Configuring the middleware

To set up the package, you need to add the middleware and configure logging.

1/3 Setting up the middleware

The middleware can be added like this

from fastapi import FastAPI
from starlette.middleware import Middleware

from asgi_correlation_id import CorrelationIdMiddleware


app = FastAPI(middleware=[Middleware(CorrelationIdMiddleware)])

or like this

from fastapi import FastAPI

from asgi_correlation_id import CorrelationIdMiddleware


app = FastAPI()
app.add_middleware(CorrelationIdMiddleware)

or any other way your framework allows.

For Starlette apps, just substitute FastAPI with Starlette in the example above.

2/3 Settings

The middleware has a few settings. These are the defaults:

class CorrelationIdMiddleware(
    header_name='X-Request-ID',
    validate_header_as_uuid=True,
): ...

header_name

The HTTP header key to read IDs from.

In addition to the default, another popular choice for header name is X-Correlation-ID, but the header name can be any string.

Defaults to X-Request-ID.

validate_header_as_uuid

By default, the middleware validates correlation IDs as valid UUIDs. If turned off, any string will be accepted. The benefit of enforcing UUID usage has to do with limiting the chance of correlation ID collisions.

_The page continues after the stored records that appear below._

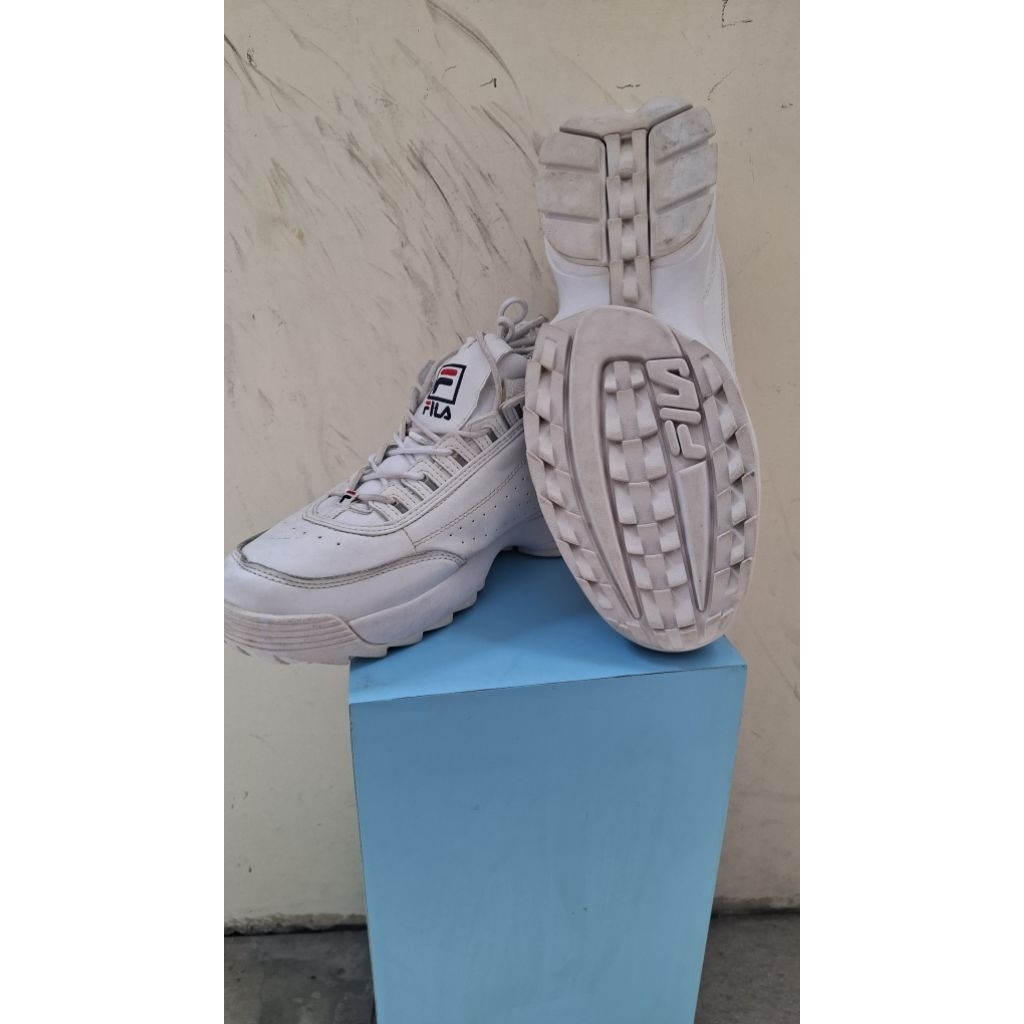 Sepatu Second Branded Fila Disruptor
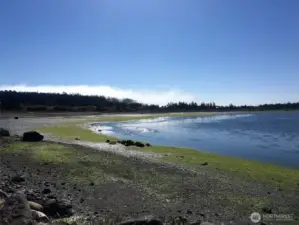 4000' of community beach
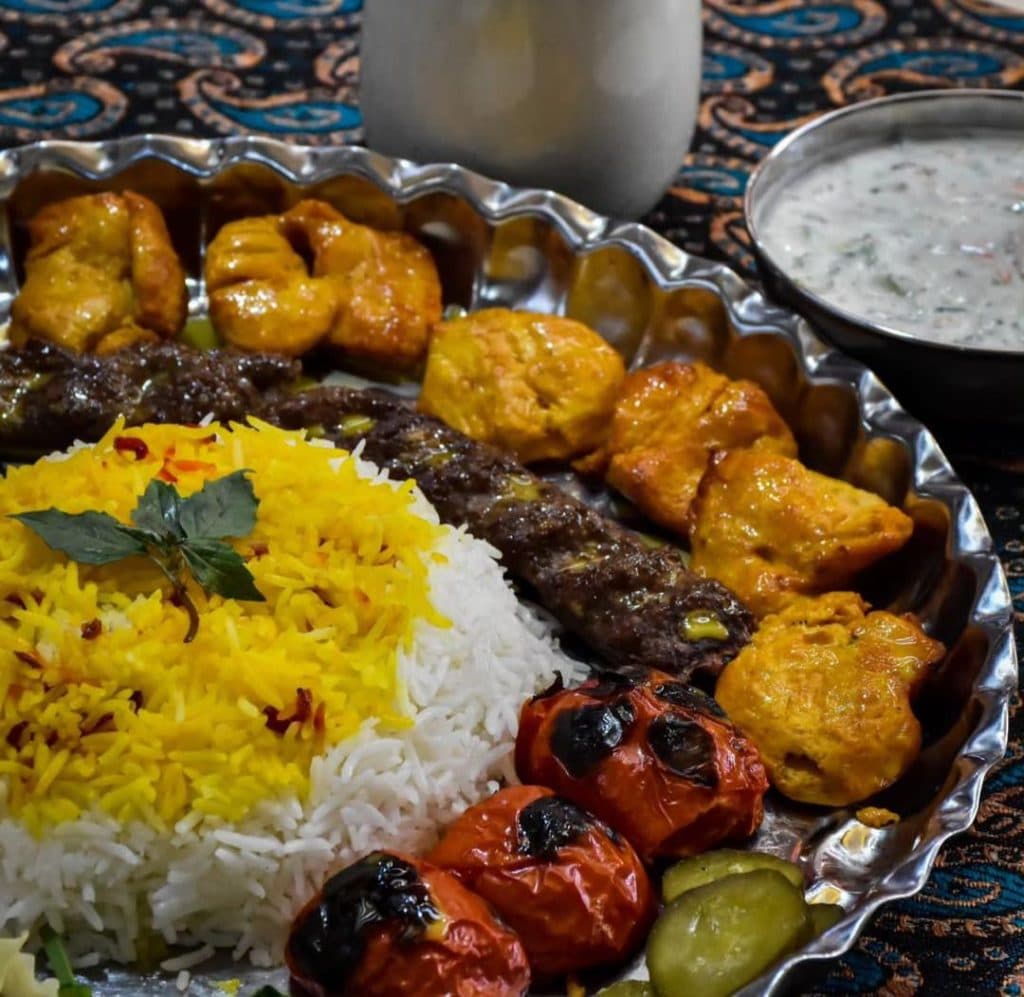 کافه رستوران آرش در دشت ارژن شیراز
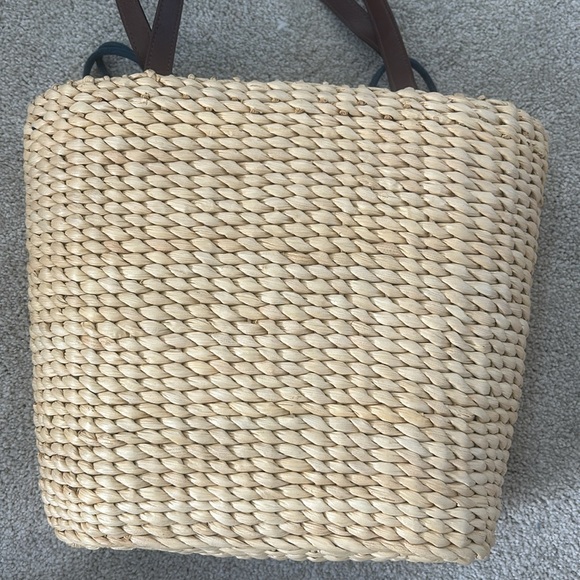 Straw Flag Tote - Picture 7 of 7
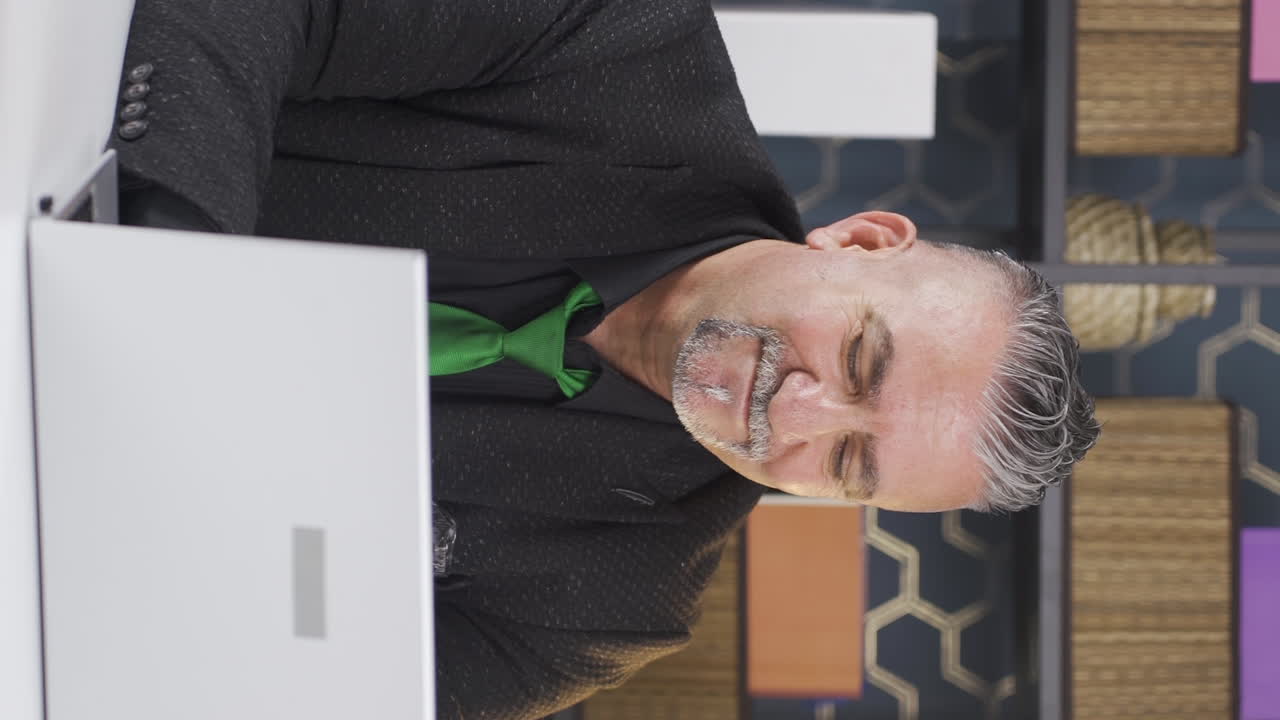 video vertical de un hombre de negocios haciendo un guiño a la cámara.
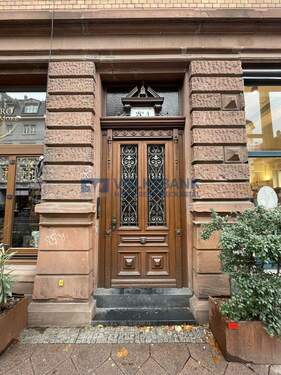 Eingangstür - 3 Zimmer Etagenwohnung in Heidelberg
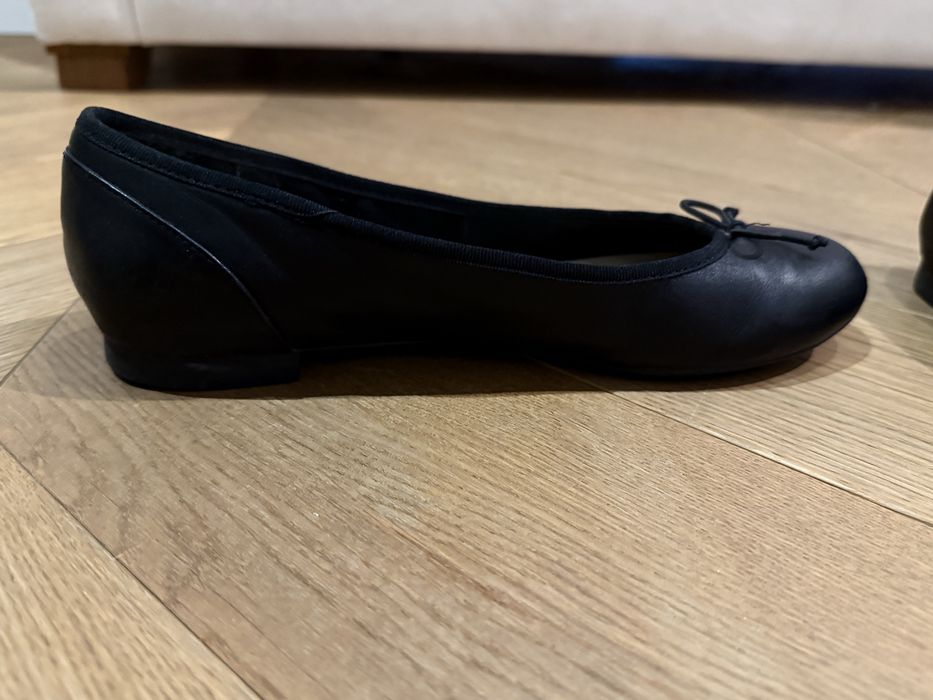 класичні балетки чорні та бежеві 38р
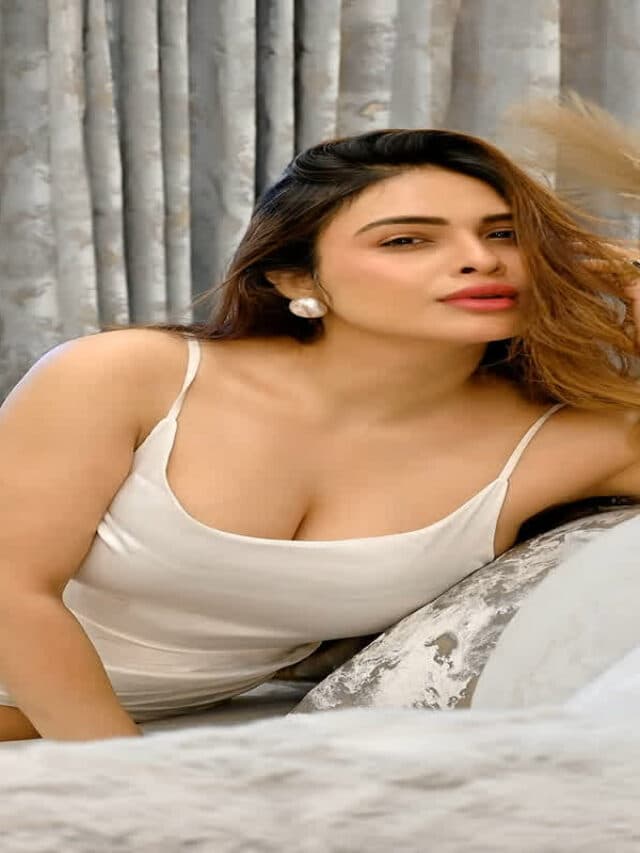 Neha Malik Hot Pics: Neha Malik ने शेयर की ग्लैमरस तस्वीरें, सोशल मीडिया पर छाया एक्ट्रेस का हॉट अंदाज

When a header value is detected but found to be invalid, the value is discarded, and a fresh UUID is generated in its place. The package logs a warning in these cases.

Defaults to True.

3/3 Configuring logging

To set up logging of the correlation ID, you simply have to implement the log-filter supplied by the package.

If your logging config looks something like this:

LOGGING = {
    'version': 1,
    'disable_existing_loggers': False,
    'formatters': {
        'web': {
            'class': 'logging.Formatter',
            'datefmt': '%H:%M:%S',
            'format': '%(levelname)s ... %(name)s %(message)s',
        },
    },
    'handlers': {
        'web': {
            'class': 'logging.StreamHandler',
            'formatter': 'web',
        },
    },
    'loggers': {
        'my_project': {
            'handlers': ['web'],
            'level': 'DEBUG',
            'propagate': True,
        },
    },
}

You simply have to add a log filter, like this

+ from asgi_correlation_id.log_filters import correlation_id_filter

LOGGING = {
    'version': 1,
    'disable_existing_loggers': False,
+   'filters': {
+       'correlation_id': {'()': correlation_id_filter(uuid_length=32)},
+   },
    'formatters': {
        'web': {
            'class': 'logging.Formatter',
            'datefmt': '%H:%M:%S',
+           'format': '%(levelname)s ... [%(correlation_id)s] %(name)s %(message)s',
        },
    },
    'handlers': {
        'web': {
            'class': 'logging.StreamHandler',
+           'filters': ['correlation_id'],
            'formatter': 'web',
        },
    },
    'loggers': {
        'my_project': {
            'handlers': ['web'],
            'level': 'DEBUG',
            'propagate': True,
        },
    },
}

And your log output will go from this

INFO ... project.views This is a DRF view log, and should have a GUID.
WARNING ... project.services.file Some warning in a function
INFO ... project.views This is a DRF view log, and should have a GUID.
INFO ... project.views This is a DRF view log, and should have a GUID.
WARNING ... project.services.file Some warning in a function
WARNING ... project.services.file Some warning in a function

to this

INFO ... [773fa6885e03493498077a273d1b7f2d] project.views This is a DRF view log, and should have a GUID.
WARNING ... [773fa6885e03493498077a273d1b7f2d] project.services.file Some warning in a function
INFO ... [0d1c3919e46e4cd2b2f4ac9a187a8ea1] project.views This is a DRF view log, and should have a GUID.
INFO ... [99d44111e9174c5a9494275aa7f28858] project.views This is a DRF view log, and should have a GUID.
WARNING ... [0d1c3919e46e4cd2b2f4ac9a187a8ea1] project.services.file Some warning in a function
WARNING ... [99d44111e9174c5a9494275aa7f28858] project.services.file Some warning in a function

If you're using a json log-formatter, just add correlation-id: %(correlation_id)s to your list of properties.

Extensions

We've added a couple of (we think) nice extensions to extend the scope of correlation IDs.

Sentry

If your project has sentry-sdk installed, correlation IDs will automatically be added to Sentry events as a transaction_id.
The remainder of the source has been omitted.